消えた『幻の名盤』を追って

File #10

FRENTE !-- Marvin The Album
フレンテ!『オーディナリー・エンジェル』
(1994年、BMGファンハウス BVCP-732)
1. Girl 2. Labour Of Love 3.Ordinary Angels 4. Lonely
5. Most Beautiful 6. Cuscutlan 7. Pretty Friend
8. No Time 9. Reflect 10. Explode
11. Accidently Kelly Street 12. See/Believe
13. Dangerous 14. Bizarre Love Triangle

 1994年にこのアルバム『オーディナリー・エンジェル』でワールドワイド・デビューを果たしたオーストラリアのバンド、フレンテ!は、女性ヴォーカリストのアンジー・ハートをフロントに立てた4人組。
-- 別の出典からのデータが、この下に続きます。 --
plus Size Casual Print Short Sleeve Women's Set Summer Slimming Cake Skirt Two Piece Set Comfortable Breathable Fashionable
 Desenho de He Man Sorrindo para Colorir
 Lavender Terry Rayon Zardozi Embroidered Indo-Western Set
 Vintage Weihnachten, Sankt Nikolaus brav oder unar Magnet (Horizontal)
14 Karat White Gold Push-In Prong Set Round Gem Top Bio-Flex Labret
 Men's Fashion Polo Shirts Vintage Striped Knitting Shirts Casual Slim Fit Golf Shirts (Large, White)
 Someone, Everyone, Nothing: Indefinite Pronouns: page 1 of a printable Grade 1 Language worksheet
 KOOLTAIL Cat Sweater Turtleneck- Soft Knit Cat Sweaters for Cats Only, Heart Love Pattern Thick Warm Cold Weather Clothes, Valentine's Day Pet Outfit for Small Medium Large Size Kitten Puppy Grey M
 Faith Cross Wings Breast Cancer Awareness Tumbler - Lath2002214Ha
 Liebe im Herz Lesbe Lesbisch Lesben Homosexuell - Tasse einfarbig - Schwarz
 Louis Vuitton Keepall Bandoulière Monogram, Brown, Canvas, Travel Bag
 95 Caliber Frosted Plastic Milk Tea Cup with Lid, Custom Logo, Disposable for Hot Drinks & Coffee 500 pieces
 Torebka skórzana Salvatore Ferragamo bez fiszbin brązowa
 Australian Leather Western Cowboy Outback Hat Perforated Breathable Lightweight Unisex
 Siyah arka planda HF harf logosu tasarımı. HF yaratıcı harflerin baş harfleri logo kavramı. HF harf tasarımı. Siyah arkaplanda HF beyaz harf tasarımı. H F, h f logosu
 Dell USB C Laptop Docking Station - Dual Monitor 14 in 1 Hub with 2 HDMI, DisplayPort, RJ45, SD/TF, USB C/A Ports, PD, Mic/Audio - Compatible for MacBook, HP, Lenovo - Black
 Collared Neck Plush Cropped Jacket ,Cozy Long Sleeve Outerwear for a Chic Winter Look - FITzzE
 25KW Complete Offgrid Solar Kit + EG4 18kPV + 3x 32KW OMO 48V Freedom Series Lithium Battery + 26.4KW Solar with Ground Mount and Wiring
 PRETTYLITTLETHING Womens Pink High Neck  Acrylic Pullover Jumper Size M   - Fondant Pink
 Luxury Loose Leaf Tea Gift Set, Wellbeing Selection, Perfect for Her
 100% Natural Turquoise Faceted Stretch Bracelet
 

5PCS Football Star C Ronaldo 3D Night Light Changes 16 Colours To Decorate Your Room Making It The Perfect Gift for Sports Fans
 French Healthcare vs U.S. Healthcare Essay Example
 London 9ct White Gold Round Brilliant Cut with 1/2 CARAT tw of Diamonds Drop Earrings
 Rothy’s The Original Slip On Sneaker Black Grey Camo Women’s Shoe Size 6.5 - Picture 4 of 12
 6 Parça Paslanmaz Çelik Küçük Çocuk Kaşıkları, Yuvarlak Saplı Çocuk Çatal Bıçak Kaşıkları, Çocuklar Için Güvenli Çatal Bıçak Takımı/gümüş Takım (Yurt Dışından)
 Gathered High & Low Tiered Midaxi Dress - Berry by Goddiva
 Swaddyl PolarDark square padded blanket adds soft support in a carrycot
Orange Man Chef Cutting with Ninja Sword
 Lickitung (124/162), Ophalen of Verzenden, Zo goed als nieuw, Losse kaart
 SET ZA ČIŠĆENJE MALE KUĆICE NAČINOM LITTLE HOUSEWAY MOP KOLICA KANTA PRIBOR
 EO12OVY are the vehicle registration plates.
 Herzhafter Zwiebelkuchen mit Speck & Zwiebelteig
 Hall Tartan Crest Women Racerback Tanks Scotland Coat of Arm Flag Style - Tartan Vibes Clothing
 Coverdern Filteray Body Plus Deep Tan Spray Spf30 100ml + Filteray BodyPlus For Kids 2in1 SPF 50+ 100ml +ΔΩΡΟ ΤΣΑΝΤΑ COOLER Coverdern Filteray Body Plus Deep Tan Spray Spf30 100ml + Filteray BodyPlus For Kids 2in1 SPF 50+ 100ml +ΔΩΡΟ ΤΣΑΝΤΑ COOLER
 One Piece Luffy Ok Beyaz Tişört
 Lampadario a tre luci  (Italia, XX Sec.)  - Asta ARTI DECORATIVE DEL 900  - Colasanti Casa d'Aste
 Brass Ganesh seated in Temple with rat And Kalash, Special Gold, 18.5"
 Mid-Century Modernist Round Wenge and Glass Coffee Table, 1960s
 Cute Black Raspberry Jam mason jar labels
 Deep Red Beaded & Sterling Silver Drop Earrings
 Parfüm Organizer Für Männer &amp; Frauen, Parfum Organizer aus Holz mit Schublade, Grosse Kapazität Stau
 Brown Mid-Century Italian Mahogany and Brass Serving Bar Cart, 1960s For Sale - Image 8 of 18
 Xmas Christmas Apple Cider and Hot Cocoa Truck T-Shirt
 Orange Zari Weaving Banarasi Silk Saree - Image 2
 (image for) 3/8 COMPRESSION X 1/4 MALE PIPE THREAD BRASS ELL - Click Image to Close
このアルバム『オーディナリー・エンジェル』リリース時のメンバーは、アンジー・ハート(vo.)、そのアンジーの元・恋人で、別れた後も音楽パートナーのサイモン・オースティン(g.)、そして、ティム・オコーナー(b.)と、マーク・ピクトン(ds.、リコーダー)。


『オーディナリー・エンジェル』リリース時のフレンテ!

 当時の日本では『フレンテ!』っていうバンド名は、「『おでこ』っていう意味だよ〜」というふうに紹介されてたんだけど、実際のところは、スペイン語で『解放戦線、ゲリラ』という意味らしい(笑)。そんなコワい意味を持つフレンテ!の音楽性は、バンド名に反してアコースティックな音造りが特徴。エレクトリックで(電気通して)演奏してるんだろうけど、アコースティックに聴こえます(笑)。ただ、アコースティックっていっても、『四畳半フォーク』のような湿っぽさは微塵もなく、オーストラリアという土地柄か、カラッとした音。ザ・サンデイズのハリエット・ホイーラーや、ジュリアナ・ハットフィールドを思わせるアンジーの舌足らずで可愛く爽やかなヴォーカルもあって、一種ミネラルウォーター的爽快感がある。真夏の暑い盛りのBGMに最適。『耳で聴く扇風機』的サウンド(笑)だった。
 「こんな爽やかな音楽をやって、可愛らしい声で歌って、そしてルックスもメッチャ可愛いアンジーが脱いだ!」...当時の音楽メディア(とロック・ファン)はこの点ばかり話題にしてたような気がする。アンジーは(オージー版『SPIN』の)『JUICE』誌の表紙でヌードを披露してて、当時、P・J・ハーヴェイやリズ・フェア、ソフィー・B・ホーキンスなどヌードを披露する女性アーティストが多数出没してたものだから、それらのアーティストと一緒に話題にされ、「女性アーティストたちの考え方も変わったもんだ」という括りで扱われてた。だけど、アンジーにはP・J・ハーヴェイやリズ・フェアみたいな「女性の性を開放する!」というような確信犯的考えはなかったように思うけど。たまたま脱いだ時期が同じだっただけという...(笑)。
 このアルバムの最後に収録されてる“Bizarre Love Triangle”はニュー・オーダーのカヴァー曲(オリジナルはアルバム『ブラザーフッド』収録)で、実に爽やかな仕上がり。当時、話題になってた...というか、ひとによってはこのカヴァー曲だけ取り上げるという失礼なことしてた(笑)。私が一番好きなのは、元気な“Dangerous”です(笑)。この曲、一番ロックしてる曲だと思うんだけど、やっぱりアコースティックな仕上がり(笑)。
 この後、メンバー・チェンジを経て、バンド名から『!』が取れ、単なる『フレンテ』名義でアルバム『シェイプ』を'97年に発表した後、消息不明に...。今、何やってるの?